The reason for this is that the data was collected as a time-cumulative histogram. We need to account for this by changing our data function again, to use find:histogram_cum(). The resulting graph looks like this (all of the selected histogram metrics are indicated by different colors):

Hint: Use your mouse wheel or touchpad scrolling to set the y-axis scale; it allows you to easily “zoom in” or “zoom out” when viewing histograms.

Step 3: Aggregate Histogram Data

Now that we have our histograms being found and rendered correctly, we need to aggregate them. For this we will use the histogram:merge() function to merge the ten histograms into a single histogram.

find:histogram_cum("mtev`*`rest_nnt_get_asynch`latency", "and(__check_target:10.128.0.*)")
| histogram:merge()

Step 4: Calculate Percentiles

Our histograms have been found and aggregated, so now we can calculate our percentiles based off of that aggregated data. For this we use the histogram:percentile() function. We are interested in the commonly-used percentiles p50, p90, p99 and p99.9, so we simply specify them as parameters in the histogram:percentile() function like so:

find:histogram_cum("mtev`*`rest_nnt_get_asynch`latency", "and(__check_target:10.128.0.*)")
| histogram:merge()
| histogram:percentile(50,90,99,99.9)

We can now see that instead of a heatmap, we have four numeric line series being rendered. If we flip the graph into view mode, we then have a legend where we can read the percentile values for individual one-minute time windows:

Step 5: Tune Aggregation Periods

In many cases we are not interested in percentiles calculated over one-minute time windows, but those calculated over longer time periods like days or weeks. Let’s flip the graph back to edit mode and update the CAQL statement, changing the aggregation window with the window:merge() function.

To calculate percentiles over one-hour windows instead of one-minute windows, we would insert the window:merge() function near the end of the CAQL query, like so:

find:histogram_cum("mtev`*`rest_nnt_get_asynch`latency", "and(__check_target:10.128.0.*)")
| histogram:merge()
| window:merge(1h)
| histogram:percentile(50,90,99,99.9)

Now if we again flip to view mode, we can see in the legend that we have accurate percentile values for one-hour intervals:

Hint: Add a Legend Formula when editing the CAQL datapoint to specify the precision of the values displayed in the legend. Here we used a legend formula of =format("%.6f",VAL).

Hint: The window:merge() function also supports a skip parameter. For example, window:merge(1d, skip=1h) would compute one-day aggregations that are advanced every one hour.

Hint: The window:merge() function also supports an offset parameter.
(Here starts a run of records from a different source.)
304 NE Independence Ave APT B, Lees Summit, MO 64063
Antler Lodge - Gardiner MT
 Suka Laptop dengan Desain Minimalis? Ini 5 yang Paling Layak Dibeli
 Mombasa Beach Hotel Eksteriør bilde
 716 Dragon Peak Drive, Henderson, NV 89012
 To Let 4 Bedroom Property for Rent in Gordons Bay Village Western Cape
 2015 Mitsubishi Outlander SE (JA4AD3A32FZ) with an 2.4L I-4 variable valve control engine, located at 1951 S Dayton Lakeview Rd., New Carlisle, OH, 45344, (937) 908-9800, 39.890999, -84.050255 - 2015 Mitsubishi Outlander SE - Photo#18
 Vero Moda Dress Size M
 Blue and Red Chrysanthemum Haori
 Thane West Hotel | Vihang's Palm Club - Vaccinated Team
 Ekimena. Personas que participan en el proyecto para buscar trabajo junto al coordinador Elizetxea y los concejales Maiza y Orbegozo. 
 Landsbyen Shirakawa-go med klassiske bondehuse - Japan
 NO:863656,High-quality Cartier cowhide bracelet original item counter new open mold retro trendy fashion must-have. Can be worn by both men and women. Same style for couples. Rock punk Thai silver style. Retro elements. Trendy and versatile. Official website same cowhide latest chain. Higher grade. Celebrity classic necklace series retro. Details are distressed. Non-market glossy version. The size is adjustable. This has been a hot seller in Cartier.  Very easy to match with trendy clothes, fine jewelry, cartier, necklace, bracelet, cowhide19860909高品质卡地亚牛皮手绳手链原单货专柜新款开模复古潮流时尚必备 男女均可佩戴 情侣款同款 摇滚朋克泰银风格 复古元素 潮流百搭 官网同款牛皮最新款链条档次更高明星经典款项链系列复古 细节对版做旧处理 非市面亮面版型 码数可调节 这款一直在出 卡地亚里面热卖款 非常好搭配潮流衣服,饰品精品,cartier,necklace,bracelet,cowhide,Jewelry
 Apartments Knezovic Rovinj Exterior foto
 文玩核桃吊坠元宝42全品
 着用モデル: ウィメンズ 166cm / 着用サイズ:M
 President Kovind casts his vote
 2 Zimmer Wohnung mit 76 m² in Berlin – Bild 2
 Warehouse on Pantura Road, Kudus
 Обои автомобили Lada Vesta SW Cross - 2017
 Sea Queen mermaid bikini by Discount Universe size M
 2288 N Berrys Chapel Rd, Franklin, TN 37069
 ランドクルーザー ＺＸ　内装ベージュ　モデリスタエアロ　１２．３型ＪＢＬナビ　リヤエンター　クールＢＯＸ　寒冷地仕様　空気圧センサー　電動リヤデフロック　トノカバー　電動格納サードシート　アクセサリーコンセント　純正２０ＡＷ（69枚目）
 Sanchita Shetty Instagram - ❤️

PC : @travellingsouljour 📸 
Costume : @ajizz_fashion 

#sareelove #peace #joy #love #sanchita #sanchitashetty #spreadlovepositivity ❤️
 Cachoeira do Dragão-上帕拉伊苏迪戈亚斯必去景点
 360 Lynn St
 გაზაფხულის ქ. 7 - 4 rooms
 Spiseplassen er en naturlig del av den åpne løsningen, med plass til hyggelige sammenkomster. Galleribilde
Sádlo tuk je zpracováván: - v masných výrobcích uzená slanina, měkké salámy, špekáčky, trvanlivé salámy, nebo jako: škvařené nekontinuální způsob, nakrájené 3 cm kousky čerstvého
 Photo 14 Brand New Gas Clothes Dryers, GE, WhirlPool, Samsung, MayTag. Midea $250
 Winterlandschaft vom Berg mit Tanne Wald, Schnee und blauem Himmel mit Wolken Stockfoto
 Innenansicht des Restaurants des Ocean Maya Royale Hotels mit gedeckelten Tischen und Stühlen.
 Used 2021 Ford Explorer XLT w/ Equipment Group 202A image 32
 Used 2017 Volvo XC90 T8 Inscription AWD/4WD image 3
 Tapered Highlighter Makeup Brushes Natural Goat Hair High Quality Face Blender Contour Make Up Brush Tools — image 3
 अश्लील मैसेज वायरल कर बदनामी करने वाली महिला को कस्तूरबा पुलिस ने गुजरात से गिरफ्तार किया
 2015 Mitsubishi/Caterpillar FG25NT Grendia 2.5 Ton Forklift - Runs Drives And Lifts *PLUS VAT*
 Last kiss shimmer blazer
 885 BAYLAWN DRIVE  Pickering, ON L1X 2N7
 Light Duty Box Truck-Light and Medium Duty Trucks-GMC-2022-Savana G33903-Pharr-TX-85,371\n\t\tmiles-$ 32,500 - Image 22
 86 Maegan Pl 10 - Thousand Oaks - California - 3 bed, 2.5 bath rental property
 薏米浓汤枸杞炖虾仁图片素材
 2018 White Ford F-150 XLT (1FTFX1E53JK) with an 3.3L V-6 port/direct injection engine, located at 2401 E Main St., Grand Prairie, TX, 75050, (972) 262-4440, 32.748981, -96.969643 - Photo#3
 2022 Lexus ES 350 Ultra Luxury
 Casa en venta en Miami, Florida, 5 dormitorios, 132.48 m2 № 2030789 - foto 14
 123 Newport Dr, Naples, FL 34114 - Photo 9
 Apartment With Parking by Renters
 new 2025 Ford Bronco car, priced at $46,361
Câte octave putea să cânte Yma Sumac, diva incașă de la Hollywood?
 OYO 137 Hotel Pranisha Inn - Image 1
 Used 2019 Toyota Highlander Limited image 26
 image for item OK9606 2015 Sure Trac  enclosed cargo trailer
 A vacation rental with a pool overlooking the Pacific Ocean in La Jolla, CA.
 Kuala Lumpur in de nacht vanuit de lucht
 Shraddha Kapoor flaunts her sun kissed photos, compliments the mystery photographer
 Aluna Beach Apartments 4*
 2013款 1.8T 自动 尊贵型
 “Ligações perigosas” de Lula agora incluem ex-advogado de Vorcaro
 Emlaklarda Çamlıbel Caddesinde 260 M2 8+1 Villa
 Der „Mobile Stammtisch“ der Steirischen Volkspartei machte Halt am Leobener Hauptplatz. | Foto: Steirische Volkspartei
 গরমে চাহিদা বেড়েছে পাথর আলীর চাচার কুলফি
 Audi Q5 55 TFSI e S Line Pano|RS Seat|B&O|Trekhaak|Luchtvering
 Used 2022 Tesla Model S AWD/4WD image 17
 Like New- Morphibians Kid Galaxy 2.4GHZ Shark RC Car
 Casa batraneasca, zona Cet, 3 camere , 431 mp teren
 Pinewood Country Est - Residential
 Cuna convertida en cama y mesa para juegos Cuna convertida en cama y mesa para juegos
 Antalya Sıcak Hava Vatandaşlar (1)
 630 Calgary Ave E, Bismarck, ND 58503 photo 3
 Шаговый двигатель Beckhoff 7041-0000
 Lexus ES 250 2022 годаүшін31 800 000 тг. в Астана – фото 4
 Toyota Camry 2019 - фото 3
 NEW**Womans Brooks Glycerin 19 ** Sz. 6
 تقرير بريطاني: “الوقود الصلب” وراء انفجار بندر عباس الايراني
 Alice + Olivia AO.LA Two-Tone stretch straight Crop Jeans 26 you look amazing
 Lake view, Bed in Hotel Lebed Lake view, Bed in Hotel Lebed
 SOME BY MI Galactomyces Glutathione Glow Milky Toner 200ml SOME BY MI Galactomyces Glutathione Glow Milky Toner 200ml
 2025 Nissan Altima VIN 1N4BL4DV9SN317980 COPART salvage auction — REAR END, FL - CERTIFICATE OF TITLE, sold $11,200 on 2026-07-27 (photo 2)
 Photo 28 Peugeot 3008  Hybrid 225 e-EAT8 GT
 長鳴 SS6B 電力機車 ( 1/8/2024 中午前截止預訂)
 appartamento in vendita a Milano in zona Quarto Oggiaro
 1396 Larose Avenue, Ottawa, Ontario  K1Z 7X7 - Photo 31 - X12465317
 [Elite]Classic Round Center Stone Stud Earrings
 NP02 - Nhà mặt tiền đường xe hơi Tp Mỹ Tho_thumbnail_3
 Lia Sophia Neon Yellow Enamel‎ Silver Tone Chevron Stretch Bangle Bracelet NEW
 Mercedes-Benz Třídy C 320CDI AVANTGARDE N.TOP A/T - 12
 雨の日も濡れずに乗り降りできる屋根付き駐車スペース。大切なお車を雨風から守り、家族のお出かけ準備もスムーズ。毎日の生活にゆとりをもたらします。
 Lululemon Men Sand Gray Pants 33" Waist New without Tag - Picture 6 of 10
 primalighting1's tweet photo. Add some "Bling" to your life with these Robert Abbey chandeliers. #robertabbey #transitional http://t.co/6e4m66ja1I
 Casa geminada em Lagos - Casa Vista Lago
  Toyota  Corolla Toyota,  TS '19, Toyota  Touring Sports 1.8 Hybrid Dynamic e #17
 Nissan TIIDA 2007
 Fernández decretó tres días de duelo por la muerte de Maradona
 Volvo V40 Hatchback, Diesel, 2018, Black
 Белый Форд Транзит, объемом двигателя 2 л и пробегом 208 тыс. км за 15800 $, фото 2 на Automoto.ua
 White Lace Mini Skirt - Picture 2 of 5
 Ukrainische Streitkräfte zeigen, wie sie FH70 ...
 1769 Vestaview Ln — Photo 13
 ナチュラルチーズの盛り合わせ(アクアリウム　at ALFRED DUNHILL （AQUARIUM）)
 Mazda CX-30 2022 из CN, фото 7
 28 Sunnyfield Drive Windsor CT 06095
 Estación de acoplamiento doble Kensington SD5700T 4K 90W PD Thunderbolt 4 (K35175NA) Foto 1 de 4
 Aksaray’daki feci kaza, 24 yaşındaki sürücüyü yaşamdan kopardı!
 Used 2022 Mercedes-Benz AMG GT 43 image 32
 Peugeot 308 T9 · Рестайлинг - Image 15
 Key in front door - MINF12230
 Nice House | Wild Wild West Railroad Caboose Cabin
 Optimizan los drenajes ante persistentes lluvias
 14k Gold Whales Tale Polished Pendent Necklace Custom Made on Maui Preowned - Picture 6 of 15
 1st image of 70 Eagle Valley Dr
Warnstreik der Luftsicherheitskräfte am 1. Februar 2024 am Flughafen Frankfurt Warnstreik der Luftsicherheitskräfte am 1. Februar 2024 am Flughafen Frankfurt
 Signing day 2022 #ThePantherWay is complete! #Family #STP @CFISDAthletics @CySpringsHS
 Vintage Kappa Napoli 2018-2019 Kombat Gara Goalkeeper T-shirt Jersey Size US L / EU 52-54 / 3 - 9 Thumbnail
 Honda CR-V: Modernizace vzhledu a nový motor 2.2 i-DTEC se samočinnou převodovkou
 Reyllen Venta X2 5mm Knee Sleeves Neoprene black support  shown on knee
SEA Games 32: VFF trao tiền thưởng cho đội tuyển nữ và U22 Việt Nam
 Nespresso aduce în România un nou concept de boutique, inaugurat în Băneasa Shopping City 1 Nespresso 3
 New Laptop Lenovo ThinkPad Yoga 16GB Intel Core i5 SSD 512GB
For example, window:merge(1d, offset="US/Eastern") will compute aggregations across days in the US/Eastern time zone.

So in that last example graph, we can see our final calculations. Here’s a simplified version of the legend shown; we’re getting the following percentile values for latency data aggregated over one hour windows:

Global Percentile / 1h Value (seconds)
p50 0.000141
p90 0.003898
p99 0.00615
p99.9 1.25

The Power of CAQL

The preceding example illustrates the power of histogram data storage combined with CAQL for retrieving and displaying that data. There’s no need to predetermine which percentiles we calculate; no need to lose the ability to accurately aggregate our data by pre-calculating the percentiles. CAQL lets us decide how to calculate our percentiles later, when we want to actually view the data.